One of the pleasures of exploring Harvest Preserve are the pieces of art that appear in unexpected places. In a sun-dappled area called Whitman’s Glade, for example, is They Are Waiting, a piece by Nigerian-born artist Nnamdi Okonkwo. And across the road from Harvest Preserve sits Man on a Bench, a massive, 20-foot-tall sculpture being carved from 110 tons of Indiana limestone by Doug Paul and fellow artist J.B. Barnhouse.

“I think that figure has been there for at least 10,000 years, but he was finally brought out of the ether by our efforts,” says Doug.

"Man on a Bench” sits overlooking Harvest Preserve. (photo by Lori Erickson)

“Man on a Bench” sits overlooking Harvest Preserve. (photo by Lori Erickson)

You might think that Doug Paul sounds a little eccentric, but he’s actually a highly successful entrepreneur. Most of all, he’s a spiritual seeker and a dreamer, and he created Harvest Preserve as a gift to other spiritual seekers and dreamers (as one myself, I am truly grateful for the gift Doug and Linda have given to the larger world).

While the land is now governed by the Harvest Preserve Foundation board, the Paul family remains intimately involved. Doug and Linda’s daughter, Julie Decker, serves as program director, and Doug devotes much of his time to maintaining and nurturing the property, gradually bringing back more of its native flora and fauna.

“I used to own the land, and now it owns me,” says Doug. “I’m its full-time volunteer.”

As Harvest Preserve enters its second decade, its board is trying to strike a balance between public access and protecting it as a place for quiet contemplation. While there are events open to all, entrance is generally limited to members who pay a fee that helps with maintenance costs (people can also do volunteer work to pay for a membership). Some of the most frequent visitors to the preserve are children, brought as part of after-school programs.

“As far as I know, this is the only stone circle transported in its entirety to the U.S.,” says Doug. “I think the stones talk to each other and talk to the land. They make it easier for people to connect with the divine energy that flows everywhere, but which seems to accumulate in some spots in particular. For whatever reason, they wanted to be here.”

The stones that make up the circle are buried so that about half of their length is below ground (Lori Erickson photo).

The stones that make up the circle are buried so that about half of their length is below ground (Lori Erickson photo).

I’ve only known the Harvest Preserve for a few weeks, but already it’s become a spiritual home for me.
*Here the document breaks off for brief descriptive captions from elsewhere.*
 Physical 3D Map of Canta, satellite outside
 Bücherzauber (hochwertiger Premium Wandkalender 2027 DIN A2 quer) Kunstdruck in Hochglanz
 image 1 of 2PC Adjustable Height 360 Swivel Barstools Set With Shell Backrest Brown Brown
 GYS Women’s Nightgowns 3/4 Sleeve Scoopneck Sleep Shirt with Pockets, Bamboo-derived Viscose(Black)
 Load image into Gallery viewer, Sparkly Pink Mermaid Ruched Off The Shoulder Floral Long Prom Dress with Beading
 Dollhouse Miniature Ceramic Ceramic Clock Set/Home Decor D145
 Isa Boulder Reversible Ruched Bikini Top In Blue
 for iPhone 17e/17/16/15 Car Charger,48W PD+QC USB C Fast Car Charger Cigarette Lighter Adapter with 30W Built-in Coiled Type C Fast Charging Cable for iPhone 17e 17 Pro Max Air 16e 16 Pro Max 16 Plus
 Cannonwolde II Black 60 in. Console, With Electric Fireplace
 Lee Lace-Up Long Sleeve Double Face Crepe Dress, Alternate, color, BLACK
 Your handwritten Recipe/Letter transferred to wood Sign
I love its winding paths through the woods, its quiet pond by the boathouse and its vistas of Iowa sky and prairie. But most of all, I love the Sacred Stone Circle that sits on a hill overlooking the woods, next to a meadow that is always atwitter with birdsong. Each time I come here I feel refreshed and at peace—the true mark of a holy place.

Here’s another curious fact about Flores, the island where the stones originated. In 2003, archaeologists found the remains of nine short hominids estimated to have lived some 18,000 years ago. The discovery, which disrupted what scientists thought they knew about human evolution, made headline news around the world. The diminutive people (who stood about three and a half feet tall) have been dubbed, naturally, Hobbits.

We’ll likely never know if there’s any connection between these so-called Hobbits and the sacred stones. But when I took a friend to Harvest Preserve, she said something that rang true to me: “This place is magical.” And the more I think about it, the more I believe this is true. Harvest Preserve is a place where the veil between worlds is thin, where stone men appear out of the ether, and where circles of sacred stones are transported across space and time to grow in fertile Iowa soil.